- Mixed Euro Zone PMI Amid Robust Services Sector
- ECB Rate Hike Chatter Underpins the Euro
- EUR/GBP Eying YTD Peak on Weak UK Services PMI
Main Point: Overall a relatively mixed set of flash Euro Zone PMI figures with the majority missing expectations. However, growth remained robust amid support from the services sector, while weakness appears concentrated in the manufacturing sector. As it stands, the PMI data signals Q2 growth at a modest 0.6%, although momentum is likely to slow as the cost of living squeeze weighs on the services sector, meanwhile spillover risks from a soft manufacturing sector is also a concern.

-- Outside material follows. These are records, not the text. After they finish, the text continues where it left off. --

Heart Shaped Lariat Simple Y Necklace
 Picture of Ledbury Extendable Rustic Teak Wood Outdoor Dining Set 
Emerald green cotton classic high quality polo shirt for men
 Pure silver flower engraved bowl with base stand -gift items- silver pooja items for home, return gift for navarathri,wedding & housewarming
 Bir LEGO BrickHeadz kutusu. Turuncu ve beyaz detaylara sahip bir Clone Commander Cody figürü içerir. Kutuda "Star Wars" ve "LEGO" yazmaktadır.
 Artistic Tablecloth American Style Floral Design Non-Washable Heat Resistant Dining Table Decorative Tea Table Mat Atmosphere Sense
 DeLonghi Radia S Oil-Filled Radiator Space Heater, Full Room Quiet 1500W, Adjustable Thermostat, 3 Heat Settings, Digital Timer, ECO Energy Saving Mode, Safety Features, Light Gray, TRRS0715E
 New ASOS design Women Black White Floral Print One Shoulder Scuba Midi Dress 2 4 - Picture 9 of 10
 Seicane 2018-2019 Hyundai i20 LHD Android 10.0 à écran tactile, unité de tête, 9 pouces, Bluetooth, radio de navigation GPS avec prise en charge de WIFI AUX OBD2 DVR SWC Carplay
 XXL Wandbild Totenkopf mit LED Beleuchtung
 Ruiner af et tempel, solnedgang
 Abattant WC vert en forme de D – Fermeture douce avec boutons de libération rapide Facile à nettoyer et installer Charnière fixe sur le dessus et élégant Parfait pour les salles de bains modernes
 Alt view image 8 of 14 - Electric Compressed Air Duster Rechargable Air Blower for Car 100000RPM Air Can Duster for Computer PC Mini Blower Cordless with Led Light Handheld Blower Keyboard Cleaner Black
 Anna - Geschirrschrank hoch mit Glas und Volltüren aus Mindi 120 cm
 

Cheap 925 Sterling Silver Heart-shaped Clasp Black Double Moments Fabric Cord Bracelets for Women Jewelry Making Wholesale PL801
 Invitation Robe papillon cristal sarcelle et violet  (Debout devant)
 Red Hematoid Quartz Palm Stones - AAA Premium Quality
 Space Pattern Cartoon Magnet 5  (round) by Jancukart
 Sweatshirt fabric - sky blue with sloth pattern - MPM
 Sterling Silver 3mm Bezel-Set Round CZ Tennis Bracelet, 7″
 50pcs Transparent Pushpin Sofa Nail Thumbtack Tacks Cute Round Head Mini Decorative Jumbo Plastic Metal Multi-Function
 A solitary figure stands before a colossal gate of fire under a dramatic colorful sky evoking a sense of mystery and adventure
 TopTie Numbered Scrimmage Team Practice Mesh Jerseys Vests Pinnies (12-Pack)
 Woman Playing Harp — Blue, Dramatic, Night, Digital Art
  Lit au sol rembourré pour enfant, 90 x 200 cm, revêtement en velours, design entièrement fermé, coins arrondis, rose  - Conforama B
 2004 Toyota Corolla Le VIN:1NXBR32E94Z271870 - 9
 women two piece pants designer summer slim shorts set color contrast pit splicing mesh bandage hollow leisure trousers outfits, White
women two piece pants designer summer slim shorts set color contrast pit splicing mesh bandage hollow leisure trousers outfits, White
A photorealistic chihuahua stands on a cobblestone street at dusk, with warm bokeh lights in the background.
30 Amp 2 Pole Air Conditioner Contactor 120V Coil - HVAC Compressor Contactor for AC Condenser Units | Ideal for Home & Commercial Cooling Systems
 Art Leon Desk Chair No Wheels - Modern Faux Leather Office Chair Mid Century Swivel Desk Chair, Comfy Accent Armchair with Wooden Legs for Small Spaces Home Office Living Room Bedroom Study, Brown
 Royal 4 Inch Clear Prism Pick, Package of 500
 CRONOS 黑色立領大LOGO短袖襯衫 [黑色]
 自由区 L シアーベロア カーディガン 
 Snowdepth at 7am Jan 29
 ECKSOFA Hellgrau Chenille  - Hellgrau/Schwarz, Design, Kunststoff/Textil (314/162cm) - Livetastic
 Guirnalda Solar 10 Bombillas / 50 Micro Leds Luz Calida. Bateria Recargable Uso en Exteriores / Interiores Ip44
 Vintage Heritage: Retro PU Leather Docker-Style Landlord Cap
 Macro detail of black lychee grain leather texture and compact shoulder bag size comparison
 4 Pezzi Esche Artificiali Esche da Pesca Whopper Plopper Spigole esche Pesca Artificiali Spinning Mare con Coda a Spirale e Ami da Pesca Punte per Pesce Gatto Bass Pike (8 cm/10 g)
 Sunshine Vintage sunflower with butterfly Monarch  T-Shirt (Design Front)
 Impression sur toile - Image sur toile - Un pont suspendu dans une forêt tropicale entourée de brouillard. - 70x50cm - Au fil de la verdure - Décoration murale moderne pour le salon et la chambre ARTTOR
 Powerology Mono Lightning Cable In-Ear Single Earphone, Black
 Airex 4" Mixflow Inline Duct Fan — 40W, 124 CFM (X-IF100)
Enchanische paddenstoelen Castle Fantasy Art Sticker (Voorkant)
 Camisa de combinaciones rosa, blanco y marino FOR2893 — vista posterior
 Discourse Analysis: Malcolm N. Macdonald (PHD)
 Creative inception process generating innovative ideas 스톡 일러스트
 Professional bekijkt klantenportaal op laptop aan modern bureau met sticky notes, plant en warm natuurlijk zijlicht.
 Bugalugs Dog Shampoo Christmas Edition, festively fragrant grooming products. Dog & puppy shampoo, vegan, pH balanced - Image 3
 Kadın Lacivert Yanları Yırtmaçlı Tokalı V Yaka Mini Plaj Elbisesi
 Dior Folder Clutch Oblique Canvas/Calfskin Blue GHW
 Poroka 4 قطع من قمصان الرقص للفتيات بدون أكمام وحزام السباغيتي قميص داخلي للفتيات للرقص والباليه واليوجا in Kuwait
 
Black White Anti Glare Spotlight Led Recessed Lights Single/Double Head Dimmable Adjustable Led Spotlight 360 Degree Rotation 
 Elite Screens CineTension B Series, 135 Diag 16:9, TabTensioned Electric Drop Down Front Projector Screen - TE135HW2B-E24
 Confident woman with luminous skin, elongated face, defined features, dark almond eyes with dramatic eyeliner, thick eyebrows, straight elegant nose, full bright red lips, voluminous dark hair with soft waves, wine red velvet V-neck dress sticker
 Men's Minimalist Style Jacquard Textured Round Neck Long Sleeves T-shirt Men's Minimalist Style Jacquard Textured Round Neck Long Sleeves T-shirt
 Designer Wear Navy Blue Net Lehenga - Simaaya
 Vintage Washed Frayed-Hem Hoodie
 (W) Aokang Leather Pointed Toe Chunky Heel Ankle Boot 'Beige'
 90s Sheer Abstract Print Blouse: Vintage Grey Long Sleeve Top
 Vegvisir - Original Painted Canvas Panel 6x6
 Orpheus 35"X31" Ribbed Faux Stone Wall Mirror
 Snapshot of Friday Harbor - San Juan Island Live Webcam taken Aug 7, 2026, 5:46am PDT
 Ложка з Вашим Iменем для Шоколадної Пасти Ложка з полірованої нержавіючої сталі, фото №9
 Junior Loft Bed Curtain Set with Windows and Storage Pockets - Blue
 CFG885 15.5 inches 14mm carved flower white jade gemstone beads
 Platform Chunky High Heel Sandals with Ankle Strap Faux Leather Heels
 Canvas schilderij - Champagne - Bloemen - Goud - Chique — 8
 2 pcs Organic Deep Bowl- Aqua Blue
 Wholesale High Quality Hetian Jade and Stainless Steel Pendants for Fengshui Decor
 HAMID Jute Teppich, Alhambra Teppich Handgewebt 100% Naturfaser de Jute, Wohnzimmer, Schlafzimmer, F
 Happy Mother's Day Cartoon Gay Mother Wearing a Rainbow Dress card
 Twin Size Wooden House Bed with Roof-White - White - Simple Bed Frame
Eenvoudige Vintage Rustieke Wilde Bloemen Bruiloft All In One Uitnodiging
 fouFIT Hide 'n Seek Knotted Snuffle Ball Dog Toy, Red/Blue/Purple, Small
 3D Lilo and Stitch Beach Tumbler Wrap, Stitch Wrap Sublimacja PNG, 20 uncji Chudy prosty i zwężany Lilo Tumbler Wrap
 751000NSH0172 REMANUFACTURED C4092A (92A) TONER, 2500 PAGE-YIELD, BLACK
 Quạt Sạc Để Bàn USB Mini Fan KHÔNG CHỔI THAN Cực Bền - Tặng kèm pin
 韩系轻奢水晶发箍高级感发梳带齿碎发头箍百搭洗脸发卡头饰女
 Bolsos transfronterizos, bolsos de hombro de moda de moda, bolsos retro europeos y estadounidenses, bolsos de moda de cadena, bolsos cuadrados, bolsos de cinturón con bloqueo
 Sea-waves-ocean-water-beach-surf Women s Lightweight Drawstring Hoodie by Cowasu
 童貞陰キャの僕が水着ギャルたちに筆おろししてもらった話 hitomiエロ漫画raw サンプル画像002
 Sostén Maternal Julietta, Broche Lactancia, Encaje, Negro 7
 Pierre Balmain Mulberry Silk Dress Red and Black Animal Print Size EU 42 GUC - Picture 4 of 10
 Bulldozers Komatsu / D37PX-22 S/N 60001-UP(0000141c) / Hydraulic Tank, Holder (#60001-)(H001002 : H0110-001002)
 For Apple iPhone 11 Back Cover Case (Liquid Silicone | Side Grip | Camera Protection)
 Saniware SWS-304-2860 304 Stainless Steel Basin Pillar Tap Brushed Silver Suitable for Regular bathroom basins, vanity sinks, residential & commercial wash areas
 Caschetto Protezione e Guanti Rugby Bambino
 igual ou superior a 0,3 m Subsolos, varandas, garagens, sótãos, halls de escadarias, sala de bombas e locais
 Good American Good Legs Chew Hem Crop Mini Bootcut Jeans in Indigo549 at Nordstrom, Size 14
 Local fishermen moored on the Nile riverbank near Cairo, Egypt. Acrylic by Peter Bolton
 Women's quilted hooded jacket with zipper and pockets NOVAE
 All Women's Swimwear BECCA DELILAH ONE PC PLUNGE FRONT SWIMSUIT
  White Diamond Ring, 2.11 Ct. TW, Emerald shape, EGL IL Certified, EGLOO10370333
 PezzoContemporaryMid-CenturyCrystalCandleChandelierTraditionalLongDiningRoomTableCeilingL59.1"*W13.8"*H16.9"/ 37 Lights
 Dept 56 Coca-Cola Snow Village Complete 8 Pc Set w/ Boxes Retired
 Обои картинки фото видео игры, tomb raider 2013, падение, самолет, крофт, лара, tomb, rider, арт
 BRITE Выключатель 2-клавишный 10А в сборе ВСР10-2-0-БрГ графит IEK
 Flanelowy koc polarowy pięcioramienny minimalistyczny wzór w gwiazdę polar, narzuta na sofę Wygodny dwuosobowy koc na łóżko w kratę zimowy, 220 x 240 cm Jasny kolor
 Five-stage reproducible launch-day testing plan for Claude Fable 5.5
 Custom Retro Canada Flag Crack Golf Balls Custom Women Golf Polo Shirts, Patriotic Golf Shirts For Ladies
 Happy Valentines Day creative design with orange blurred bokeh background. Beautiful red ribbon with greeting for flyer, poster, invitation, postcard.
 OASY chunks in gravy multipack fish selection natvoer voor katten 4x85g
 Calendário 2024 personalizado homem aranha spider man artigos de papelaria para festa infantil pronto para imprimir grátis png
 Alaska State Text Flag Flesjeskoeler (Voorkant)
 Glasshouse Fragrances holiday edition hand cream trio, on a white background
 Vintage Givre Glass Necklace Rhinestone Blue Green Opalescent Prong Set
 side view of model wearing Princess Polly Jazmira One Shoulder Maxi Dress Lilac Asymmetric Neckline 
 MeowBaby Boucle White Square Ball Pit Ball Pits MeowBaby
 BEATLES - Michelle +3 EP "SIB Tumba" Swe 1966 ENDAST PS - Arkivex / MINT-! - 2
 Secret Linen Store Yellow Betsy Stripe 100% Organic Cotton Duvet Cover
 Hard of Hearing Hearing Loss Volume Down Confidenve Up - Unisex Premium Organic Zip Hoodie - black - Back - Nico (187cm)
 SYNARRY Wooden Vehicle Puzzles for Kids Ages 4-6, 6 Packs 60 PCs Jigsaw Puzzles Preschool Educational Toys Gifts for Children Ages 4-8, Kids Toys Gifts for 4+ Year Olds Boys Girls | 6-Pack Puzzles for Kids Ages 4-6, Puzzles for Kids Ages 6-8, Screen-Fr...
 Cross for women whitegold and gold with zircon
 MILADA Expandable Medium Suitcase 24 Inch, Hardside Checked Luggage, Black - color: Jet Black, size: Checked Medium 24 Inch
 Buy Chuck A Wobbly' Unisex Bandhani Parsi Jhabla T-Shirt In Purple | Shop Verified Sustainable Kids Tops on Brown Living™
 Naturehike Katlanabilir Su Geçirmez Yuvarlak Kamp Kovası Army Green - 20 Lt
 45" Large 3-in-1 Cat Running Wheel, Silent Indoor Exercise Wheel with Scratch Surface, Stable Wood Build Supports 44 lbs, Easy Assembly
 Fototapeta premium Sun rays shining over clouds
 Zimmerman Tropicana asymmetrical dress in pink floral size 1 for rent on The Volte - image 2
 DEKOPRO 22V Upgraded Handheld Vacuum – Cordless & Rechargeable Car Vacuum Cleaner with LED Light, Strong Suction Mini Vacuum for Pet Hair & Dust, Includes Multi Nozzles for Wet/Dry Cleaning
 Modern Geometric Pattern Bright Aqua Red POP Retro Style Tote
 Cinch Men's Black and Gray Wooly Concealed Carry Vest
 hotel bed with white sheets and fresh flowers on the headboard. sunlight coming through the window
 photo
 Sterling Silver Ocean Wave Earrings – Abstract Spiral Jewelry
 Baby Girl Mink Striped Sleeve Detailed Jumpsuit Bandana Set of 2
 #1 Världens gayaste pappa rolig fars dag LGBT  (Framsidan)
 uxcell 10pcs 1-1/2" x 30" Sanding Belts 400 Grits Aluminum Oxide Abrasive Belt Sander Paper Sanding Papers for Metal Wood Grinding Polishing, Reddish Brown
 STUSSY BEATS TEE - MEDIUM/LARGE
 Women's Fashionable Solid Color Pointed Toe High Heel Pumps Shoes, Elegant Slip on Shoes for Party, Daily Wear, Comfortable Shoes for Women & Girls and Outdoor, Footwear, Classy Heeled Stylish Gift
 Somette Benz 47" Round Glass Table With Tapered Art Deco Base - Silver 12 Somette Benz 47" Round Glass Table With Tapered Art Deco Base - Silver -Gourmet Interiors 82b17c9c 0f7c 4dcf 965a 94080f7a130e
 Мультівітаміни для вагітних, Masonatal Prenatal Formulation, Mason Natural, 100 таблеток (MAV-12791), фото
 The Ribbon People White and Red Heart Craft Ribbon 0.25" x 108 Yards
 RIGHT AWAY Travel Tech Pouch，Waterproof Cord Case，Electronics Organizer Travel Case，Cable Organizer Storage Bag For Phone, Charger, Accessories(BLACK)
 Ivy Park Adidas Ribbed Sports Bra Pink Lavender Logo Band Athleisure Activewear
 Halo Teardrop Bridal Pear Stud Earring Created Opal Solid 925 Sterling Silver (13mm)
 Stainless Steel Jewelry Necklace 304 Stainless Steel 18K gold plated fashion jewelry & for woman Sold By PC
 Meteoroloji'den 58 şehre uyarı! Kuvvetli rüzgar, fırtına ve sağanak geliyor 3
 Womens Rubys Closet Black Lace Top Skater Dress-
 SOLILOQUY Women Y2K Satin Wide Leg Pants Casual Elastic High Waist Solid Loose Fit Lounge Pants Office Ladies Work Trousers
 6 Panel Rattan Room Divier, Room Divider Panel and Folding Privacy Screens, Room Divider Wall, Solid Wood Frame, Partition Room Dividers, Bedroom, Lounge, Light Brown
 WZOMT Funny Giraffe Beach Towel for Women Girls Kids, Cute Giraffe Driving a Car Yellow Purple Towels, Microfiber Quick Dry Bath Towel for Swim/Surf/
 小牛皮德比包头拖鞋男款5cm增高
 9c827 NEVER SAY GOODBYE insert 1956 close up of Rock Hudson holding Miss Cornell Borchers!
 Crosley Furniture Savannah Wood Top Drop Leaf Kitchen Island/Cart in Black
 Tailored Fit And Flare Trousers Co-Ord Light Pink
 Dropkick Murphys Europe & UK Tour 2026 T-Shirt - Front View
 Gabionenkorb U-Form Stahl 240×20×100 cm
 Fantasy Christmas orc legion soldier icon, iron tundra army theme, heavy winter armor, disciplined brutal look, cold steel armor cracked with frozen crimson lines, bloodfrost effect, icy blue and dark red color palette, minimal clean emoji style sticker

Eurozone PMI Signals Robust Growth Despite Slowing Momentum
Market Reaction: In reaction to the mixed set of PMI figures, the Euro is relatively unchanged as the single currency maintains a foothold above the 1.07 handle. Two catalysts have remained a key driver for the Euro’s strength. Firstly, ECB President Lagarde had near enough pre-committed to an exit of negative interest rate policy by the end of Q3. While talk of the US potentially mulling a rollback of China tariffs to ease inflationary pressures had also benefitted the Euro. Elsewhere, EUR/GBP is eying a return to the YTD high of 0.8619 after a shocking UK services PMI.